Lesson 7: You will be changed. Constantly
What I originally failed to understand directly following my return to the United States was that I had changed. I thought that America had gotten more confusing, weirder, scarier. I blamed people and this generation (why, I don't know... I'm part of this generation..?). There was new language that I didn't understand (n fleek??), new dances I couldn't comprehend. I scrambled for a scapegoat.

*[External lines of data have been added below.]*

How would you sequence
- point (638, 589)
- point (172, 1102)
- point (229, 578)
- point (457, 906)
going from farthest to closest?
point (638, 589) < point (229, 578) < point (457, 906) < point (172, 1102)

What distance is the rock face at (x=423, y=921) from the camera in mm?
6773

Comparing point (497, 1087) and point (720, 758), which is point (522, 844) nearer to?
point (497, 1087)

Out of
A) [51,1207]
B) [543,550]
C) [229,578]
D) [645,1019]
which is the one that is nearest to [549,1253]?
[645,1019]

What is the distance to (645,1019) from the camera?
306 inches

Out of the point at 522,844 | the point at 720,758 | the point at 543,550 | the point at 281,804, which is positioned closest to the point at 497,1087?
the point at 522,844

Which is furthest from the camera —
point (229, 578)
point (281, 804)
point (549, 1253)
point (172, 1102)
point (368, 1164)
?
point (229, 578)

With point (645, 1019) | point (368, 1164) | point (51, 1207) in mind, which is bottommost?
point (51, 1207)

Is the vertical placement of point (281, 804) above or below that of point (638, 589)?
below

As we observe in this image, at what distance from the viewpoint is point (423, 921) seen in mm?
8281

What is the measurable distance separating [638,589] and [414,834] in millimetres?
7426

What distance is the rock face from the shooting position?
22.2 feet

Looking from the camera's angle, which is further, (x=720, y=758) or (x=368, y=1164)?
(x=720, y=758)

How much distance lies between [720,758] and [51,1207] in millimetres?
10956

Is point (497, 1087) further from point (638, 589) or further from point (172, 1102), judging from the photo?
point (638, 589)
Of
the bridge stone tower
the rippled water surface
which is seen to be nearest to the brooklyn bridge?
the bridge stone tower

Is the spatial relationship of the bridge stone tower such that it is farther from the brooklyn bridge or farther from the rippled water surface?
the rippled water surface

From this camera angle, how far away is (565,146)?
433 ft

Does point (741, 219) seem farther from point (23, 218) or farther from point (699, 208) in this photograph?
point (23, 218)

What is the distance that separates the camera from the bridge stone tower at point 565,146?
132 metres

I wanted to pin it on one specific thing that had changed the America I had known and morphed it into this unrecognizable beast.
But I, foolishly thinking I was nearly the exact same person as I was 6 months ago, needed to come to terms with my own change.
And that was terrifying and beautiful and I'm still figuring out what it all means.
Thank you for the oppurtunities to make a few thousand mistakes on your turf and for introducing me to amazing people. You forced me to be a better human, and I miss you everyday.
Much love, as always.
*To work with the relaxed nature of this blog post, all images are iPhone photos. (Did you know that National Geographic is sending out photographers with iPhones to capture specific photo series for them?? See Jim Richardson's photo series on the Scottish Highlands here.)